Admittedly, there have already been a few billion words wasted on the subject of conference realignment, but I’ll throw in a few comments about the subject as well…
There is some discussion about a merger of sorts between Conference USA and the Mountain West. This would create a confederation of (at least) 22 teams, which sounds ridiculous. It would not be unprecedented, however.
The Southern Conference formed in 1921, with 14 original members. Those schools: Alabama, Auburn, Clemson, Georgia, Georgia Tech, Kentucky, Maryland, Mississippi State, North Carolina, North Carolina State, Tennessee, Virginia, Virginia Tech, and Washington & Lee. Six schools joined shortly thereafter: LSU, Florida, Mississippi, South Carolina, Tulane, and Vanderbilt. By 1931, Duke, Sewanee, and VMI had become members.
That’s right. One major conference, 23 member schools. It was an unwieldy amalgamation, and destined for a breakup. It wouldn’t be the last time a league split into pieces because it got too big.
Tangent: It really wasn’t the first time, either. The SoCon itself was a product of a split, as those 14 original schools were breaking away from the Southern Intercollegiate Athletic Association, which by 1921 had 30 members.

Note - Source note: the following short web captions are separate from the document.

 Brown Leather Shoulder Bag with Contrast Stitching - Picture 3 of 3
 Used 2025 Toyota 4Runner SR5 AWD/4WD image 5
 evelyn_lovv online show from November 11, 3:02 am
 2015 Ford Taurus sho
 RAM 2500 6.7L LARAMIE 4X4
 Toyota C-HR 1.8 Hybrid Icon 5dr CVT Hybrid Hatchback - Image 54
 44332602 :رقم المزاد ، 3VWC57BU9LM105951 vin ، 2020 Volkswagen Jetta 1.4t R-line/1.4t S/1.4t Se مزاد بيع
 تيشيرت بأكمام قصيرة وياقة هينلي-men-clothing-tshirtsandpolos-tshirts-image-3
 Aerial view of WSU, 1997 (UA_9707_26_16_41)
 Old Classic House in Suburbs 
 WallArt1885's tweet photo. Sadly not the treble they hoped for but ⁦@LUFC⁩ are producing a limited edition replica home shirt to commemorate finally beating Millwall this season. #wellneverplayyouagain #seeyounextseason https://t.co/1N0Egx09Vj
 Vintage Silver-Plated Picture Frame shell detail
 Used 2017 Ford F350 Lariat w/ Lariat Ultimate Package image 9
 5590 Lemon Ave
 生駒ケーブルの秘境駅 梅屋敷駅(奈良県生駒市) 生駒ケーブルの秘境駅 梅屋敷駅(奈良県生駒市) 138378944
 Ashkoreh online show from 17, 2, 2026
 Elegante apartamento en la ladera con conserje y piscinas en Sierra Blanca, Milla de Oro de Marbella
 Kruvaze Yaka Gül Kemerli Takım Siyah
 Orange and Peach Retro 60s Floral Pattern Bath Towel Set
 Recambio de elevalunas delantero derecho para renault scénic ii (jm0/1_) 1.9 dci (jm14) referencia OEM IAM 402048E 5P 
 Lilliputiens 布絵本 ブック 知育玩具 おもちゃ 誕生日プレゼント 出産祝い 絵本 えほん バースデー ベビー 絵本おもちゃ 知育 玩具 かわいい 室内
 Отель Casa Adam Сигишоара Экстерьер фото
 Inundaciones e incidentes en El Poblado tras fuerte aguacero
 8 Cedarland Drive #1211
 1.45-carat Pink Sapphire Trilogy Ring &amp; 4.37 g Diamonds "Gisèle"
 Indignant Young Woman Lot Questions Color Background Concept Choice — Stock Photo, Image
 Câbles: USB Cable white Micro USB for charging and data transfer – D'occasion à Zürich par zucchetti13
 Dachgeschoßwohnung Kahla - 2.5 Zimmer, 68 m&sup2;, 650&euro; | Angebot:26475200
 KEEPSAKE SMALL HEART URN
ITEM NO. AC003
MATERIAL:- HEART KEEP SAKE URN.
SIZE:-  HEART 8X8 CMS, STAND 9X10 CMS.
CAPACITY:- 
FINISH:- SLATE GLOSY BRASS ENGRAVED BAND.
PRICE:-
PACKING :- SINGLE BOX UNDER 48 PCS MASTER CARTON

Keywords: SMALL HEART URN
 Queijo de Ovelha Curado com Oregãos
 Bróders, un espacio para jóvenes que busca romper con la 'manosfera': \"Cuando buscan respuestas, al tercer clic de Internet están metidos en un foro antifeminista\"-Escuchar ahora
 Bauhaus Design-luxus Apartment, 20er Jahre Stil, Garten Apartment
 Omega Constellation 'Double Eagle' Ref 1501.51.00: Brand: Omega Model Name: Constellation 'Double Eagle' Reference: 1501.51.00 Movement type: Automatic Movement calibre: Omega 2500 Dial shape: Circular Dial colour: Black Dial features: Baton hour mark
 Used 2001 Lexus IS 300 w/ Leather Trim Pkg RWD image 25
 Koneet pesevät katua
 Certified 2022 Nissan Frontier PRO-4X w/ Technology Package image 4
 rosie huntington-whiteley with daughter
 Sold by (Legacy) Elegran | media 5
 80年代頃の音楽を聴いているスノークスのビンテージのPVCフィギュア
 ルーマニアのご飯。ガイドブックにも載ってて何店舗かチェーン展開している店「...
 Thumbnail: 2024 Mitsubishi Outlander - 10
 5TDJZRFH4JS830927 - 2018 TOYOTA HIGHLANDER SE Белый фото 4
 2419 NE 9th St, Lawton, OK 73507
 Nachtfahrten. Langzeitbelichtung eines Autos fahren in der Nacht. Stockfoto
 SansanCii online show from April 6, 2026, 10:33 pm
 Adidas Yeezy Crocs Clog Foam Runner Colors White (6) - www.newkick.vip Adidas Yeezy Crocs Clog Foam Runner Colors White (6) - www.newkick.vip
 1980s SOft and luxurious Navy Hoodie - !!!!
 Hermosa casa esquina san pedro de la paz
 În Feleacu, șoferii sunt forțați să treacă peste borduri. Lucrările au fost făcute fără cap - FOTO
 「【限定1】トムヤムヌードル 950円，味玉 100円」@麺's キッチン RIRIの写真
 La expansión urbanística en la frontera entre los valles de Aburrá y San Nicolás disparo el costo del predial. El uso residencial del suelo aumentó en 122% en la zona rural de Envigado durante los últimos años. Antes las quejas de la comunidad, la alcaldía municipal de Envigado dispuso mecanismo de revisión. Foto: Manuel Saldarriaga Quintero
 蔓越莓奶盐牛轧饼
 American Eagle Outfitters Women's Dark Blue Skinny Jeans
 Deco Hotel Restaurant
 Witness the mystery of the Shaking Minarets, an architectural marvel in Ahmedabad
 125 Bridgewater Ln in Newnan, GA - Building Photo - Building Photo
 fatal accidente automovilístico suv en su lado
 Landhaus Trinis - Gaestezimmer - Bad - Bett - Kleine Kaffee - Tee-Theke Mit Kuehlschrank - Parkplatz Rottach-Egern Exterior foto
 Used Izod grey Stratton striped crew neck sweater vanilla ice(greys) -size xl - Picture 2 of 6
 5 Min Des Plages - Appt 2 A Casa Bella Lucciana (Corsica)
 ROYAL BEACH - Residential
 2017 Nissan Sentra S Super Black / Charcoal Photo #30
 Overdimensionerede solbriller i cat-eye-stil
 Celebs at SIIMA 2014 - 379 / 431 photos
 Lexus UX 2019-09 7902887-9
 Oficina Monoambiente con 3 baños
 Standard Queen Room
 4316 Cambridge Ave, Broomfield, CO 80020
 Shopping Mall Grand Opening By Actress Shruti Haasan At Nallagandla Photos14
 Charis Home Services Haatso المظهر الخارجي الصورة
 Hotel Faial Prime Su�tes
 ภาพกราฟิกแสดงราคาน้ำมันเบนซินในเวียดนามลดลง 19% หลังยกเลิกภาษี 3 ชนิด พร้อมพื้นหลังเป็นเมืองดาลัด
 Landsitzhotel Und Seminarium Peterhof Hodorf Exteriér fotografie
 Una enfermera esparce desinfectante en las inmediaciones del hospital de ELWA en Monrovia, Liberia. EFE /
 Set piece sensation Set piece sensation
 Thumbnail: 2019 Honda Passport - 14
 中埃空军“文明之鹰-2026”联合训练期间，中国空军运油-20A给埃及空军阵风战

In December of 1932, 13 of the SoCon schools left to form the Southeastern Conference: Alabama, Auburn, Florida, Georgia, Kentucky, LSU, Mississippi, Mississippi State, Tennessee, Vanderbilt, Georgia Tech, Sewanee, and Tulane. The final three schools listed would eventually leave the SEC, with Sewanee departing in 1940 after eight years in the league; the Tigers had played 37 conference football games and lost all 37 of them.
Now the SEC has 12 schools (with Arkansas and South Carolina added in the early 1990s) and is poised to add a 13th, Texas A&M. Conference commissioner Mike Slive has stated that the league can stay at 13 members for the time being, and why not — it was a 13-school league for the first eight years of its history.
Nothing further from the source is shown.